I am in the process of moving some code to a new toolchain and encountered the following code (which is running in many production systems just fine) that will not compile and throws the following error:
for increment expression has no effect [-Werror=unused-value]
I am not familiar with using an array as an incrementor in a for loop and could not figure out a way to google for this. Here is the minimal code:
1 2 3
uint8_t tmp_buf[BUF_SIZE];
for (uint32_t i = 0; i < http.total_len; tmp_buf)
It is the tmp_buf in the for loop that is the problem.
Ganado,
Thanks. You make a good point in that I can see that i is in fact incremented in the code. It appears to be incremented by the number of bytes read during each pass. So, I will try it without the third field in the for. Odd that it compiles without any warnings at all when using just framework = arduino (but that does not give me some other functionality that I need).
Do you know what C version you are compiling under?
C allows a lot of weird things, such as writing down a variable name without any operation – which effectively compiles to a NOP. That is probably for reasons of backwards-compatibility. Remember that C was created in the late 1960's and didn't have a proper standard until 1989. Anyways, C compilers have a lot of options to control warnings, or even turn warnings into errors. What will be treated as a warning (by default) can change over time, in different compiler versions. Let alone different compilers (e.g. MVSC vs. GCC vs. Clang).
If you ever wrote code that is supposed to run on different platforms and that is supposed to be compiled with different C compilers, you will notice that every compiler and/or platform tends to bring up other warnings. Sometimes they can't agree on what they like/dislike 🙄
Still, I think it's best to choose the highest warning level and even enable the "treat warnings as errors" option. Then inspect/fix every single warning or, where it can't be fixed reasonably, add an exception for that specific warning at the specific place. This can be a lot of work, if the code was maintained badly before, but you will have so much cleaner code afterwards. And it can really safe your arse 😏
If you ever wrote code that is supposed to run on different platforms and that is supposed to be compiled with different C compilers, you will notice that every compiler and/or platform tends to bring up other warnings.

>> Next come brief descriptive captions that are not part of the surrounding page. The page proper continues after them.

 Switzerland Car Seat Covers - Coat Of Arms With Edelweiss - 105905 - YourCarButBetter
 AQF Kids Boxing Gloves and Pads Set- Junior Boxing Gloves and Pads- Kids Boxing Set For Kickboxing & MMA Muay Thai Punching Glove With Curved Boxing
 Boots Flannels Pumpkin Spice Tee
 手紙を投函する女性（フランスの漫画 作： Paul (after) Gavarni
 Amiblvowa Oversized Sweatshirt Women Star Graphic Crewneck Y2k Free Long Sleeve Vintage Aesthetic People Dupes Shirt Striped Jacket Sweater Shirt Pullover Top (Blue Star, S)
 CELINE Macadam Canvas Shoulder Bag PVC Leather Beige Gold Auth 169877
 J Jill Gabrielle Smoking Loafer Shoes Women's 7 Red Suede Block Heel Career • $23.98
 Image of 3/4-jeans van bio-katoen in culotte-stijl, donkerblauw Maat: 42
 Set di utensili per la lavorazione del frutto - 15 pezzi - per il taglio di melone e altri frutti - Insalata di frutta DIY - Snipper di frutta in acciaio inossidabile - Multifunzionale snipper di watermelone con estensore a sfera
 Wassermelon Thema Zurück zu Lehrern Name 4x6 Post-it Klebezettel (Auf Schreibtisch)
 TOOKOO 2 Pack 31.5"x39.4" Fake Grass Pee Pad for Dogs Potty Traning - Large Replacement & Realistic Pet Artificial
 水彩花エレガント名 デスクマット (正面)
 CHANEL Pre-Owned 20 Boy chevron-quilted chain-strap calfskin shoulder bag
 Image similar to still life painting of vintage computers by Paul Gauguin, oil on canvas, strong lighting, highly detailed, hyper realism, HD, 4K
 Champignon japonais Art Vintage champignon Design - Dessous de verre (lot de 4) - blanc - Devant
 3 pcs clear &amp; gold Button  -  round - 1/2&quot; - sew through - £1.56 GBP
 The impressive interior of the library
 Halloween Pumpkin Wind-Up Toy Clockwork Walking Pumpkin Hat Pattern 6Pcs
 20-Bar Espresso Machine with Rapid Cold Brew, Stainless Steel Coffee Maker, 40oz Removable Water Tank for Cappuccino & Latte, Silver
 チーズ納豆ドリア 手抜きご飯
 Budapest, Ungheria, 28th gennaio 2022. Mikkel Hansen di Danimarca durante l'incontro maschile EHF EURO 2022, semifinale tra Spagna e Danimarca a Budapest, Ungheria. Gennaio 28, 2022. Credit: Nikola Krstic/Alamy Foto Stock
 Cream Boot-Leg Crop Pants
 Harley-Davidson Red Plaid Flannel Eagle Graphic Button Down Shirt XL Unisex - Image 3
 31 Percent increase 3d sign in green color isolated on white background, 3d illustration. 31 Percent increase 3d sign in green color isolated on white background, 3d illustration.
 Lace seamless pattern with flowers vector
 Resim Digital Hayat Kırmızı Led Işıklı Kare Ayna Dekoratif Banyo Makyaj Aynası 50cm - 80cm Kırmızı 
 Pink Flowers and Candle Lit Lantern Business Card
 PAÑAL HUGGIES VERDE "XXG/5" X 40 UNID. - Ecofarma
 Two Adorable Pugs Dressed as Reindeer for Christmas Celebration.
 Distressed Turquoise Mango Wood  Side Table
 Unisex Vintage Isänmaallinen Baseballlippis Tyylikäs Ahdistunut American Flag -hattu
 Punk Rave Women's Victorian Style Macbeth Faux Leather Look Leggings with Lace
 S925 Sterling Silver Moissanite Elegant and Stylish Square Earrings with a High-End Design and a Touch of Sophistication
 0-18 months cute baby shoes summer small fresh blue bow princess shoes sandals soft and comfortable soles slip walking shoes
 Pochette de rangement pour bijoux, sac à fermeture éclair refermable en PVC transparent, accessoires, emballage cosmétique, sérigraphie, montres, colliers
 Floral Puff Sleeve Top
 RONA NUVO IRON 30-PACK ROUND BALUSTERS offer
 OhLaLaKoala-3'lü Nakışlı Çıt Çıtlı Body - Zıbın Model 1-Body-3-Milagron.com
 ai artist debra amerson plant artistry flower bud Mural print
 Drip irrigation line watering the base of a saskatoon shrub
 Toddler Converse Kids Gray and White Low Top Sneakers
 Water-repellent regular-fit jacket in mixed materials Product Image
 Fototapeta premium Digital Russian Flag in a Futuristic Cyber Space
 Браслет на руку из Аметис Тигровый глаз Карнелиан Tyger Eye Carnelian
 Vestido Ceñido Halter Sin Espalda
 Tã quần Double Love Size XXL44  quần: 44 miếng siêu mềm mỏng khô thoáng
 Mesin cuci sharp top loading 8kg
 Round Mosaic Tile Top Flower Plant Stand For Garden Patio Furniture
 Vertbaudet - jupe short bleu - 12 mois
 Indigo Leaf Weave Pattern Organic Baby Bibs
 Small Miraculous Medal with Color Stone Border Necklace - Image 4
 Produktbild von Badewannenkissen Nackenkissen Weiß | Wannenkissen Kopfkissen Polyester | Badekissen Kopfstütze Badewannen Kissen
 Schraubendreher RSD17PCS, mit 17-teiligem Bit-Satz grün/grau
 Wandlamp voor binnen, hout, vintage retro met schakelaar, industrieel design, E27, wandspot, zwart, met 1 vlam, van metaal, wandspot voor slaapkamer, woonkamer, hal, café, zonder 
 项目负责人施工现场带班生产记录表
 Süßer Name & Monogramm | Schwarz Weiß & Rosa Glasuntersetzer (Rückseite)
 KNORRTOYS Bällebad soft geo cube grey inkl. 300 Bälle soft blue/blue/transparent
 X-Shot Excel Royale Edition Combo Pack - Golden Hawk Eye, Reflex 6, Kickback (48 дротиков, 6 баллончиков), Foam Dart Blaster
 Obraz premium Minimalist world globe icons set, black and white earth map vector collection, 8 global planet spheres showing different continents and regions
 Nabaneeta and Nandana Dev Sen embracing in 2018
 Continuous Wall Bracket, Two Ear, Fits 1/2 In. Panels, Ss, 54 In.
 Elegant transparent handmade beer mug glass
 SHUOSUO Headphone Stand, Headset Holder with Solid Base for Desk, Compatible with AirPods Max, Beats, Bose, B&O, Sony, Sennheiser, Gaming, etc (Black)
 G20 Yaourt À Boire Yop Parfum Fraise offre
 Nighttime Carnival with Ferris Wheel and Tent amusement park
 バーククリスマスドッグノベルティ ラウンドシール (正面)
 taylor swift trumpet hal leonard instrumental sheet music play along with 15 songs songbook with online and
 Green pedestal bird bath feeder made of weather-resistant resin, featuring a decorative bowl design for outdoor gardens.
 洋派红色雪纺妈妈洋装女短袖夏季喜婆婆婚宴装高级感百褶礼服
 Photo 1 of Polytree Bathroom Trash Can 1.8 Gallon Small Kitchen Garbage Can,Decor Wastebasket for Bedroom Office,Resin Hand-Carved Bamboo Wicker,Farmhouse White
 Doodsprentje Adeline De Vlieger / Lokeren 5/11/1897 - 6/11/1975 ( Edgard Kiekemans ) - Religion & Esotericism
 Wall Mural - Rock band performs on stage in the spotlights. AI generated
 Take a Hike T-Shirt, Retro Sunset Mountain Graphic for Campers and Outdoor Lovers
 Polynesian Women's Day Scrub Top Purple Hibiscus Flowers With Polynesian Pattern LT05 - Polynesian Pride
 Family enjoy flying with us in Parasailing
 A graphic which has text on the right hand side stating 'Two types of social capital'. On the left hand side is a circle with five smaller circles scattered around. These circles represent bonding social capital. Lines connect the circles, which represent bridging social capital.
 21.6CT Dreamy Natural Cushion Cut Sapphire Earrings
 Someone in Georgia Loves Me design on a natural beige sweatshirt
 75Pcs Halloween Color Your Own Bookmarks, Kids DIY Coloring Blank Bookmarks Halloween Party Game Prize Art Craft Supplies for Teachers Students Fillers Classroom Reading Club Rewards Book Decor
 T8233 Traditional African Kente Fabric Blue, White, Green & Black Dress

This is why it might not be such a good idea to turn warnings into errors by default if you have a build script that is supposed to be used by many different people with different compilers/compiler versions.
Even if the warning flags are named the same they might not work exactly the same between different compilers, or between different versions of the same compiler. Sometimes the warnings that you get can be affected by the optimization flags that are being used because lower optimization levels don't analyse the code enough to detect a problem.
The person building the program might not be a developer on the team and might lack the skills to be able to correct the code if he gets an error. A warning on the other hand is usually not a problem because it can easily be ignored (real problematic warnings have hopefully already been sorted out before the release).
That doesn't mean you shouldn't turn warnings into errors yourself while working on the project if that is what you prefer.
I'm still left wondering why the developer put this variable in as an incrementer in the for loop. I wrote to the company and will see if they take the time to look at it and reply.
The compiler settings are unclear to me because I get several warnings from code that is other people's libraries but only this one was flagged as an error and kept things from progressing to the linker.